Government Relations

UM Legislative Update Newsletter

April 14, 2006

House approves HB1865 on public higher education funding


The Missouri House of Representatives has passed HB1865, sponsored by Rep. Carl Bearden (R-St. Charles), which changes how the state funds public higher education institutions and enacts a new Access Missouri scholarship. The bill had several amendments added on the floor, and the final version passed by a 84-71 vote on Thursday, April 13, sending the bill to the upper chamber for consideration. In its perfected form, the bill includes language that encourages an increase in operating funds to the FY2002 level, the high-water mark for appropriations. At that point, the new funding mechanism kicks in and higher education institutions would not receive more than a 2.5 percent operating fund increase each year until the scholarship programs (Gallagher and Missouri College Guarantee) are funded at 75 percent (currently these programs are funded at about 25 percent). After a corresponding adjustment in operating funds at that point, the 2.5 percent cap would kick in again until the scholarships are funded at 100 percent. The funding formula then reverts to the way it is currently done. 

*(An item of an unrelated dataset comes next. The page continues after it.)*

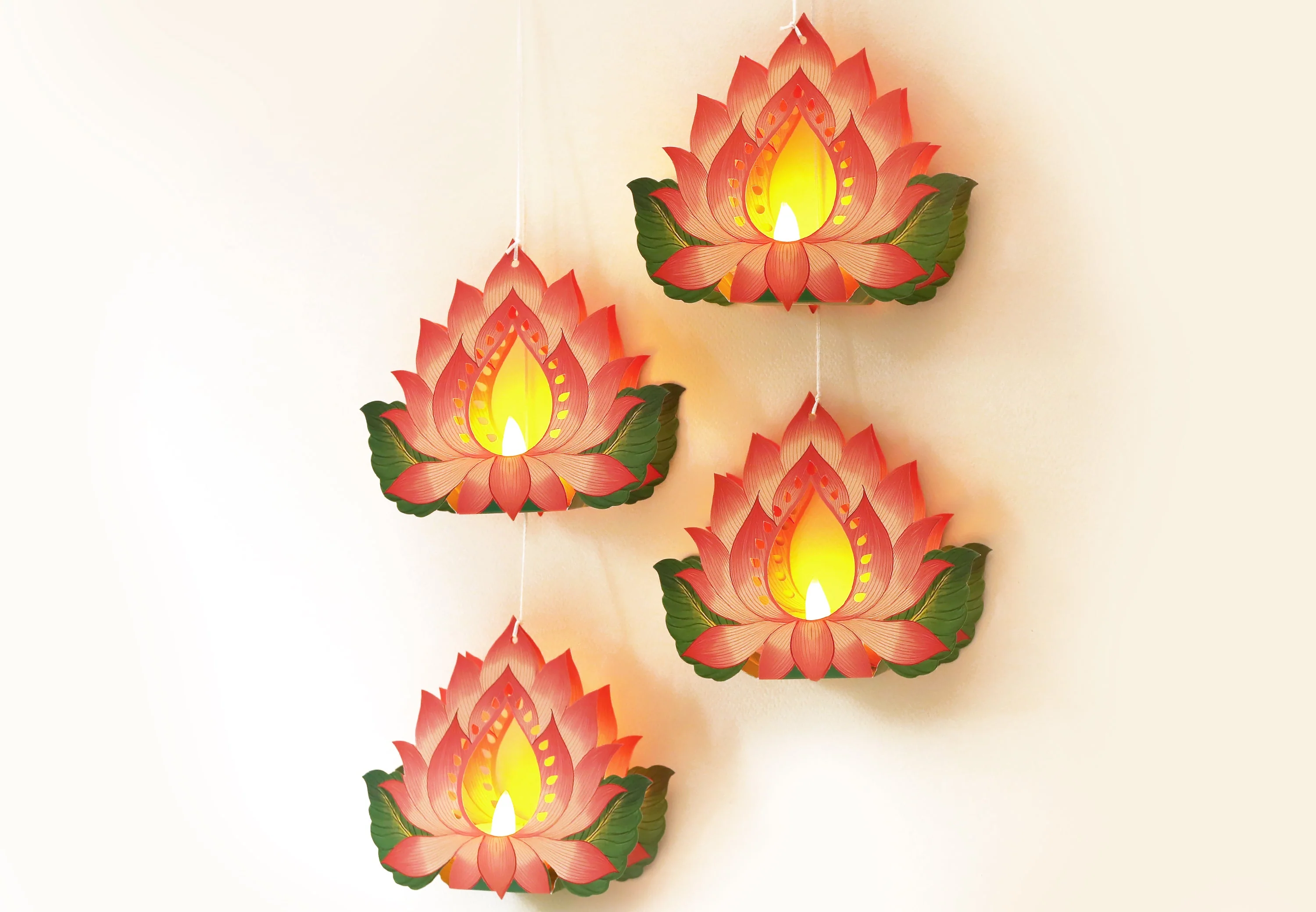 Set of 4 Hanging Lotus Diyas with Electric Tea Lights - Image 8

The bill also calls for the establishment of “performance measures” for future funding increases and allows for fee-for-service contracts through the Department of Higher Education for high cost or remedial programs.

The bill establishes the Access Missouri scholarship at $1,000 for the freshman year only (an earlier version of the bill ramped it up over a four-year period, but it is now fully funded the first year). Students who do not receive the A+ scholarship would be eligible for this award and could take it to public two- or four-year institutions or private colleges.

House members adopted an amendment that caps the increase in tuition or fees for four-year public institutions at the CPI. The bill also creates a Joint Committee on Higher Education and makes a number of other adjustments in scholarship requirements to make them consistent.

The Senate will take up the measure in these final weeks of session, and additional changes are expected.